Encore Ristorante
Italy and Napa walk into a steakhouse
North Raleigh · Raleigh · Italian, American, Steakhouse, Seafood · Visit Website ↗
Reviewed March 16, 2026
Wingman Metrics
First Impression
The list at Encore reads like a greatest-hits album from someone who really loves Italy and Napa and made exactly zero apologies about it. It's polished, organized, and clearly designed to impress a table of business-dinner regulars without making anyone feel lost. The range is broader than most Raleigh steakhouses, which sets expectations appropriately high.
Selection Deep Dive
Tuscany and Napa carry the most weight here — you've got Antinori's Il Bruciato, the Montepeloso Gabbro Super Tuscan, a Fratelli Revello Barolo from La Morra, and a Siro Pacenti Brunello di Montalcino anchoring the Italian side. California shows up hard too, with The Prisoner, Paradigm Oakville Cab, and Belle Glos Pinot Noir doing most of the crowd-pleasing heavy lifting. France gets a nod with a Châteauneuf-du-Pape from Domaine de Grand Tinel and Louis Jadot White Burgundy, but the Old World feels like a supporting cast rather than a headliner. The list doesn't take many risks — you won't find grower Champagne or esoteric varietals — but it's competently assembled for the room it's playing to.
By the Glass
With 12-20 pours, the by-the-glass program is one of the stronger aspects of the list — enough variety to actually make a decision rather than just defaulting to the house red. Expect the usual suspects: Sonoma-Cutrer Chardonnay, Pinot Grigio from Castellano, and probably a Cab or two from California. It rotates predictably rather than creatively, but there's enough to keep a two-glass dinner interesting.

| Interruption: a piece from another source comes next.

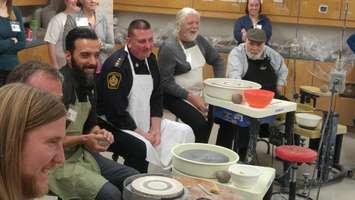 Local celebrities being instructed on how to create their pottery bowls. February 23, 2018. (Photo by Colin Gowdy, Blackburn News)
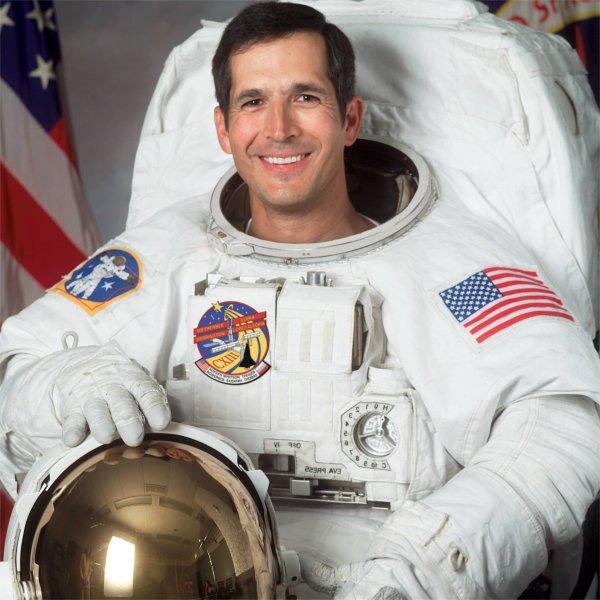 A person wearing an astronaut uniform smiles.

Châteauneuf-du-Pape, Domaine de Grand Tinel, Rhône, France — null
Domaine de Grand Tinel is a legitimate, well-regarded CdP producer — this is the kind of wine that earns its price tag at a place like this. At an upscale steakhouse, finding a proper Southern Rhône from a serious estate is a win, and it's going to outperform most of the California bottles at the same tier.
Amarone Classico, Bussola, Valpolicella, Italy
Bussola is a small, quality-focused producer in Valpolicella that most tables here will walk right past on the way to The Prisoner. That's a mistake. This is a serious Amarone — dense, layered, built to go with red meat — from a name that earns genuine respect in Italy. Most guests ordering a big red for a steak won't even glance at it.
Cabernet Sauvignon, The Prisoner, Napa Valley, California
The Prisoner is a solid wine that has been so thoroughly discovered it's now a steakhouse cliché. At upscale restaurant prices you're paying a significant premium for a label people recognize from the grocery store. The money goes further almost anywhere else on this list.
Super Tuscan, Montepeloso Gabbro, Tuscany, Italy + Lasagna Bolognese
Montepeloso Gabbro is a Cabernet Sauvignon-dominant Super Tuscan with the kind of dark fruit and structure that can stand up to a rich, meaty Bolognese without steamrolling it. This is a proper Italian pairing that doesn't require any explaining — it just works.
✔️ The Bottom Line
Encore is a reliable upscale dinner destination with a wine list that's better than average for North Raleigh — just don't expect any surprises, and budget accordingly because the markup is real. Send a friend here for a Barolo and a steak, not a wine adventure.